# TASK PROMPT
Every line of the material must be copied exactly.

# PROVIDED MATERIAL
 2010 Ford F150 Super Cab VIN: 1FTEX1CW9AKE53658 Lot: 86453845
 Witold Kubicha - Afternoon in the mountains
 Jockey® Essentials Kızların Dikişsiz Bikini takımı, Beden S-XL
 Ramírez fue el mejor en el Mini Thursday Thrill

# SOLUTION FOR THIS EXERCISE
 2010 Ford F150 Super Cab VIN: 1FTEX1CW9AKE53658 Lot: 86453845
 Witold Kubicha - Afternoon in the mountains
 Jockey® Essentials Kızların Dikişsiz Bikini takımı, Beden S-XL
 Ramírez fue el mejor en el Mini Thursday Thrill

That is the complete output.